What you have to do: Set down the lines below, exactly, starting at the one that contains "A piece of meat" and stopping at the last line, inclusive. Omit pictures.
Records to use below:
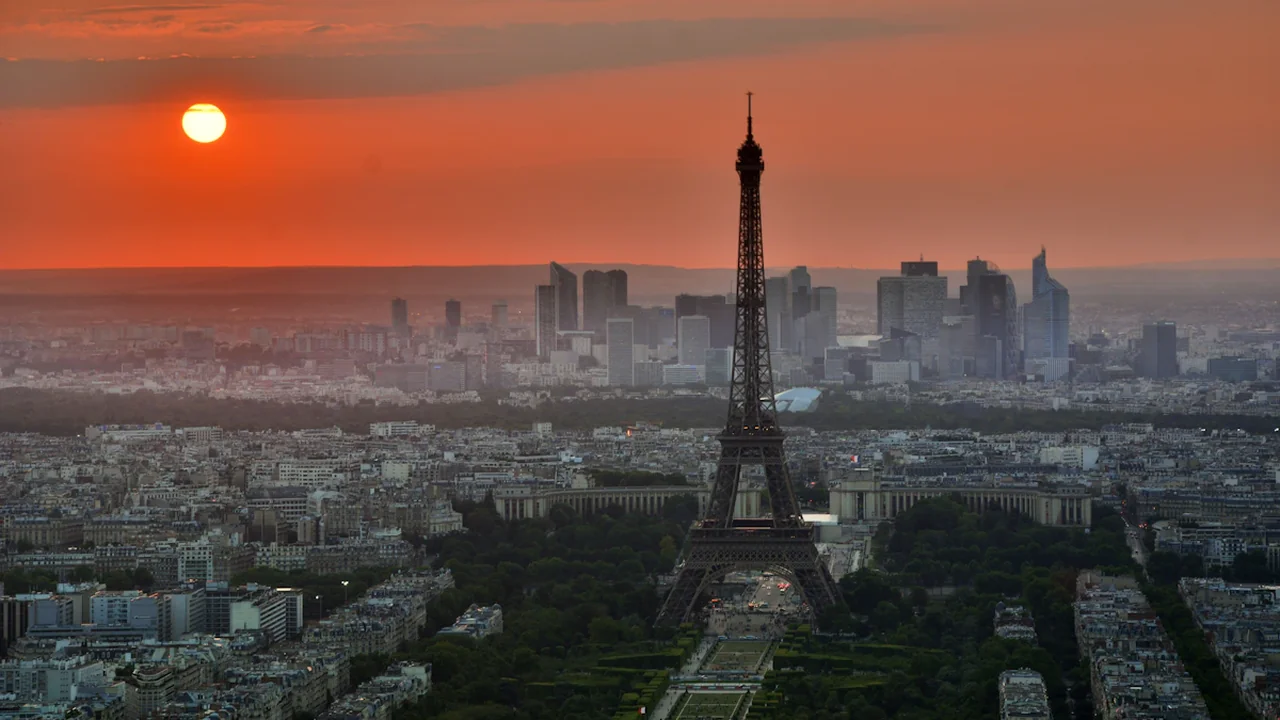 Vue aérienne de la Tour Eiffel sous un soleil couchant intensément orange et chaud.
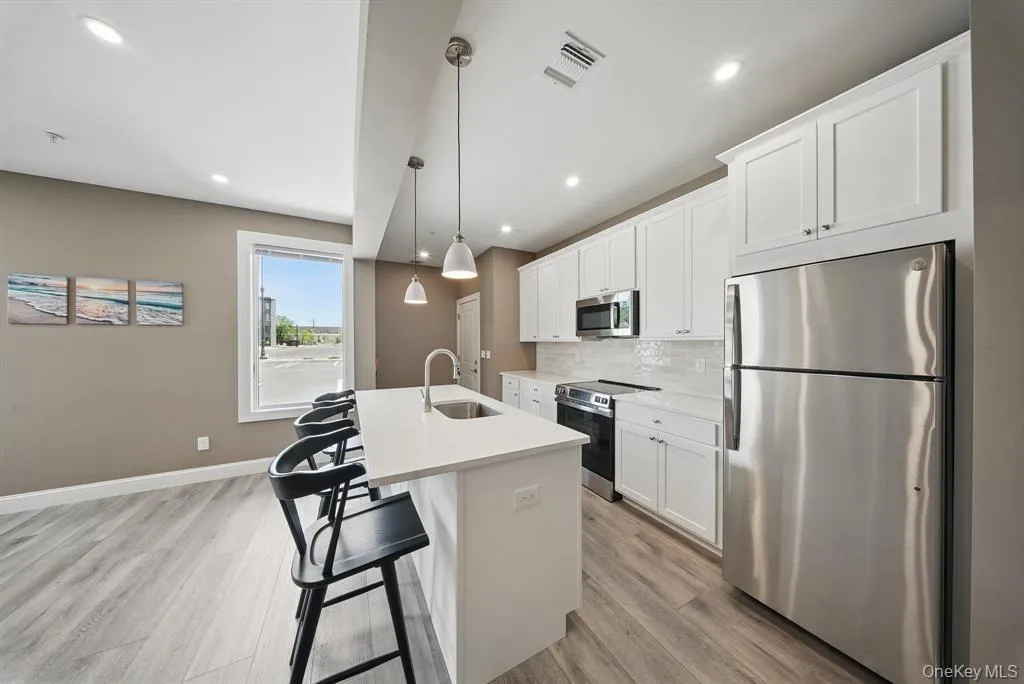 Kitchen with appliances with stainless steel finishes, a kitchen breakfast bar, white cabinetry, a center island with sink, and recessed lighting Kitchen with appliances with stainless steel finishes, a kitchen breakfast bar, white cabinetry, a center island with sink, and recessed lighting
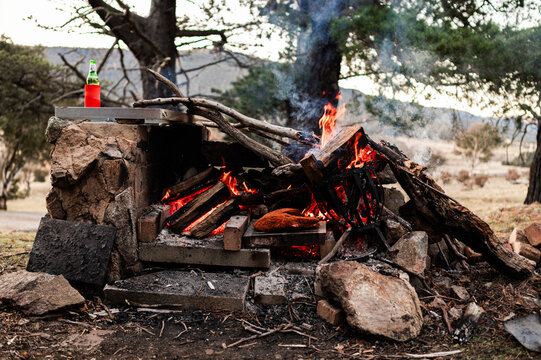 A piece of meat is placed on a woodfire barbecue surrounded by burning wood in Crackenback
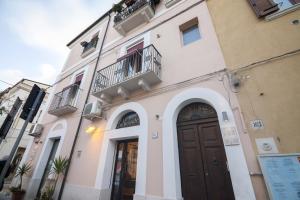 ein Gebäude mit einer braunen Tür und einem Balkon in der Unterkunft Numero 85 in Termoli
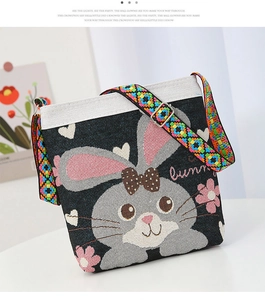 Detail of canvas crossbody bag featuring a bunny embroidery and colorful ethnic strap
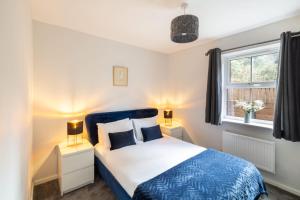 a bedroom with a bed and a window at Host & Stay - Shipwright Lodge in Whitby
End of Records to use.
Task answer:
 A piece of meat is placed on a woodfire barbecue surrounded by burning wood in Crackenback
 ein Gebäude mit einer braunen Tür und einem Balkon in der Unterkunft Numero 85 in Termoli
 Detail of canvas crossbody bag featuring a bunny embroidery and colorful ethnic strap
 a bedroom with a bed and a window at Host & Stay - Shipwright Lodge in Whitby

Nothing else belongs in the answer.